From the records below, extract only the lines running from the line with "Nautilus van dichtbij in water bij Vanuatu" to the line with "Detail Gambar Bagian Daging Sapi Nomer 46", both lines included, reproducing them exactly.

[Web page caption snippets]
================================

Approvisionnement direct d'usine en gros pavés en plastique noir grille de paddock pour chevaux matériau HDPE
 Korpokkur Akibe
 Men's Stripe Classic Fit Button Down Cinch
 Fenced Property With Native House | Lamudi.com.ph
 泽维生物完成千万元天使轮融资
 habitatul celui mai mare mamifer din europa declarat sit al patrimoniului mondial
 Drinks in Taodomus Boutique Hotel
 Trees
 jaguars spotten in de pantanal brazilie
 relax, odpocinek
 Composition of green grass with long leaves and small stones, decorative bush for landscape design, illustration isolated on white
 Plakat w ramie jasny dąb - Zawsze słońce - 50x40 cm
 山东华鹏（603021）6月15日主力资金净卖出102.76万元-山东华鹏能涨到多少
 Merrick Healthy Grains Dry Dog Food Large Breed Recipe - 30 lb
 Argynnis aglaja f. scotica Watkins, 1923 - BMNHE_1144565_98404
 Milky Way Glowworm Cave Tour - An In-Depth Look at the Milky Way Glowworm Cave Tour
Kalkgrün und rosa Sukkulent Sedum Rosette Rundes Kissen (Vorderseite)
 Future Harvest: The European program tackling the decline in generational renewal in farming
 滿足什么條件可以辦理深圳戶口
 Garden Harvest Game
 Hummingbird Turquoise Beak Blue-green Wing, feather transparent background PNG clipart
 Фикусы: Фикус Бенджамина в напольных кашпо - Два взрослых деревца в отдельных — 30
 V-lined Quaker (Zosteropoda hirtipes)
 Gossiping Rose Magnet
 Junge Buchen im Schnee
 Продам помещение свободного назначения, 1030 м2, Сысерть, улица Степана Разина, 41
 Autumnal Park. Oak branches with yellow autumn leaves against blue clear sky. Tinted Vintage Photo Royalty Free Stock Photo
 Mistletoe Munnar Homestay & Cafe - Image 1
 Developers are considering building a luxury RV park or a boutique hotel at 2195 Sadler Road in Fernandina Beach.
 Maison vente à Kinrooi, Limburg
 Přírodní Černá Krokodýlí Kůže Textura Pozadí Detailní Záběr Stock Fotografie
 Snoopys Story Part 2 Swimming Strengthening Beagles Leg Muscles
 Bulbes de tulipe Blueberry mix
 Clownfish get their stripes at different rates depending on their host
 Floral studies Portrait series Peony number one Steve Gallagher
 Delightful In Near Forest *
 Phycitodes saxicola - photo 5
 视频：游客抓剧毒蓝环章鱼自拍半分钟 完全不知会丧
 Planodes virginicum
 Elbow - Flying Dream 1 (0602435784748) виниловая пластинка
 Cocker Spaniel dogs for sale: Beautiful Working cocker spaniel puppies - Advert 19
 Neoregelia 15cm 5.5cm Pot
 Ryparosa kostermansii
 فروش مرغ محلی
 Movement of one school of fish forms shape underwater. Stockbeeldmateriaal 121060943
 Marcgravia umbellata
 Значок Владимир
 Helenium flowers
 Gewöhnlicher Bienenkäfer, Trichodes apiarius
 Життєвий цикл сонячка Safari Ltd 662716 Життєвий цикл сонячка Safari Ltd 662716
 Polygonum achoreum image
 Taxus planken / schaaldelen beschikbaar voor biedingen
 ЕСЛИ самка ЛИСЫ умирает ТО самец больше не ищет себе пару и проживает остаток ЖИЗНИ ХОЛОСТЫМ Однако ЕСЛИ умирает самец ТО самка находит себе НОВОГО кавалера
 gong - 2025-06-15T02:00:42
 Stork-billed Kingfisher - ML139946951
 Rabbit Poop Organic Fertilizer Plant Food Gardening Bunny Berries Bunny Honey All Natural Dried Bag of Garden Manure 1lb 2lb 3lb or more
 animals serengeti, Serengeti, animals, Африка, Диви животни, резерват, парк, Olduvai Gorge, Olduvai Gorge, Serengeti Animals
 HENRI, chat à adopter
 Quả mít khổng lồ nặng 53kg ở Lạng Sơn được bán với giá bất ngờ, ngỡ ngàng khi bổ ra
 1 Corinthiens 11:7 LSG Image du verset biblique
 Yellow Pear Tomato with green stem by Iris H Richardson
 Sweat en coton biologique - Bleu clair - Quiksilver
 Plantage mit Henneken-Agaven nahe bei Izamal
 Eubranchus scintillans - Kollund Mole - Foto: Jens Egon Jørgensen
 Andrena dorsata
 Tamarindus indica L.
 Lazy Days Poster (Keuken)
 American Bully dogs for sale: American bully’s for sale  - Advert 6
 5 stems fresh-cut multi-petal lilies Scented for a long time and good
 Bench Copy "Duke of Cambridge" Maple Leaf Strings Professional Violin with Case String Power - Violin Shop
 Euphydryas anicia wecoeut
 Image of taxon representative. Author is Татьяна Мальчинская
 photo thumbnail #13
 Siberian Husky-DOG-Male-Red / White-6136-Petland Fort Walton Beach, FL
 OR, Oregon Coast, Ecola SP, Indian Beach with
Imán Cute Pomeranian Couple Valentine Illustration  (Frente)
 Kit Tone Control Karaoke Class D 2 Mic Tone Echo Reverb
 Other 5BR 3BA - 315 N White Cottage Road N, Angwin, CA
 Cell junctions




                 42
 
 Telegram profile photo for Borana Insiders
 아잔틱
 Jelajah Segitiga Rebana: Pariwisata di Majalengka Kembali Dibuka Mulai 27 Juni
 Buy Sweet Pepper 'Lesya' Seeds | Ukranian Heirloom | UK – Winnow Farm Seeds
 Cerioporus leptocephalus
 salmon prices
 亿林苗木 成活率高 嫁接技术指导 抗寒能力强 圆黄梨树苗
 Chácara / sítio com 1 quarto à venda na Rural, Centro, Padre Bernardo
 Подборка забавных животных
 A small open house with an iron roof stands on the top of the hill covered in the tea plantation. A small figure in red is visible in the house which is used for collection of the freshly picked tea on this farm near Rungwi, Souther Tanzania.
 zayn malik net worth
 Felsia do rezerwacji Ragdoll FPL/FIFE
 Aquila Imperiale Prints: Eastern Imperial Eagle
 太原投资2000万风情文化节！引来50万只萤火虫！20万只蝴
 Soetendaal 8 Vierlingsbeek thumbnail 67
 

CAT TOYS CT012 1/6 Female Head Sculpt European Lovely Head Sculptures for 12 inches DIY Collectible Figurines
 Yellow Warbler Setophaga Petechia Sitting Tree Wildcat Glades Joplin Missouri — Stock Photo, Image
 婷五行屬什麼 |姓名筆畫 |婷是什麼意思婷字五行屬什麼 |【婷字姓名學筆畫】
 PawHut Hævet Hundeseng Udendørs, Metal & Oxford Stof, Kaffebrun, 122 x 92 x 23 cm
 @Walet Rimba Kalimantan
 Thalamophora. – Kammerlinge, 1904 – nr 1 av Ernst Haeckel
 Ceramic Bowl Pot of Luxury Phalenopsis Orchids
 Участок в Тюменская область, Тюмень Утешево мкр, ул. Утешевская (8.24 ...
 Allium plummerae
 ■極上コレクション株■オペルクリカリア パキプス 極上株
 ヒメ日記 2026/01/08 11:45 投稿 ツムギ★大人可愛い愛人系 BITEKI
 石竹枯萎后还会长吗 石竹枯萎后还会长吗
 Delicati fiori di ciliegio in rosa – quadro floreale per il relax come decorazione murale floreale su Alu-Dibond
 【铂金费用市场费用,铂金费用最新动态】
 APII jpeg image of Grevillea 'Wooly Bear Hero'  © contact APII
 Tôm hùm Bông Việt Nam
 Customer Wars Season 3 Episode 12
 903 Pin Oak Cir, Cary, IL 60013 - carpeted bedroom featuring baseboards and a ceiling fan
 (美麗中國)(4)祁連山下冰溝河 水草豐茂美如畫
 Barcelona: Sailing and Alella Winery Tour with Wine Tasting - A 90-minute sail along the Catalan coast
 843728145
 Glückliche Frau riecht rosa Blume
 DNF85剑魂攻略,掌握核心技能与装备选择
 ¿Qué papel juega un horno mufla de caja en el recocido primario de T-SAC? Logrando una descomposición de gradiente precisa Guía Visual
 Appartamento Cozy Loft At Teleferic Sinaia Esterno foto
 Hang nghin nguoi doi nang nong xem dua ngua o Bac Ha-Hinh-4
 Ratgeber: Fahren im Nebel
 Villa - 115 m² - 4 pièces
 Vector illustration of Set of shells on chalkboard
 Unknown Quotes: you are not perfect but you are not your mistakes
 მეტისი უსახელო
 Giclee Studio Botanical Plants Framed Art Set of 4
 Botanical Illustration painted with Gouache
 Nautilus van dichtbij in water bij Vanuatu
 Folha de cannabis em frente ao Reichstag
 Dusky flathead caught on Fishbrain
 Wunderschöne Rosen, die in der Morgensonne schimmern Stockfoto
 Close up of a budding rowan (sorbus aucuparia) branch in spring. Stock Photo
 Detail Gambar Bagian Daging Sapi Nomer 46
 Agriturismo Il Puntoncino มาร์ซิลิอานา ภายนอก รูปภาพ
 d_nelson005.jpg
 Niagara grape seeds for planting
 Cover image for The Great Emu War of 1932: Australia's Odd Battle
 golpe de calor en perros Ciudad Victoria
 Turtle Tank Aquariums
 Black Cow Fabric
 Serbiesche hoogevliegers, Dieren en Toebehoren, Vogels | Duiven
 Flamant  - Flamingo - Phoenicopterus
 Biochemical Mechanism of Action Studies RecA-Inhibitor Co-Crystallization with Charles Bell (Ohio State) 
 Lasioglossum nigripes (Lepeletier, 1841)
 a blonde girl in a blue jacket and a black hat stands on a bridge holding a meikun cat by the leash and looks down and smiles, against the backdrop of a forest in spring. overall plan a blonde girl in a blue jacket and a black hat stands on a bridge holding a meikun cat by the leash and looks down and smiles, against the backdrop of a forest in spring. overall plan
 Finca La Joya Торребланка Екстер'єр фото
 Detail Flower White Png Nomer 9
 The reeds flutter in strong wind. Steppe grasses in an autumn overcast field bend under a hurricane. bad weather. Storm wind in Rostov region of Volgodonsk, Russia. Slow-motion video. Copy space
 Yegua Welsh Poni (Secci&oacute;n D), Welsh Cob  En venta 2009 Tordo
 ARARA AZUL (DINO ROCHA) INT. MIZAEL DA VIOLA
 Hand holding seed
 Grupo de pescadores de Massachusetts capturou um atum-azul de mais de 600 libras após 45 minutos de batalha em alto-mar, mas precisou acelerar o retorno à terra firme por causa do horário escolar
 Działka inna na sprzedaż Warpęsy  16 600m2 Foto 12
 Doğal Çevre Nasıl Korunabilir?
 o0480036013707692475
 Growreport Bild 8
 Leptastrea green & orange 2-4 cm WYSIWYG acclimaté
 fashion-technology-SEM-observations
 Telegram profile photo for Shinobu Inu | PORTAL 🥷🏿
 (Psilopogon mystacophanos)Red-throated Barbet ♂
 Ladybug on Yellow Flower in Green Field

================================

▸ **TASK RESPONSE**:
 Nautilus van dichtbij in water bij Vanuatu
 Folha de cannabis em frente ao Reichstag
 Dusky flathead caught on Fishbrain
 Wunderschöne Rosen, die in der Morgensonne schimmern Stockfoto
 Close up of a budding rowan (sorbus aucuparia) branch in spring. Stock Photo
 Detail Gambar Bagian Daging Sapi Nomer 46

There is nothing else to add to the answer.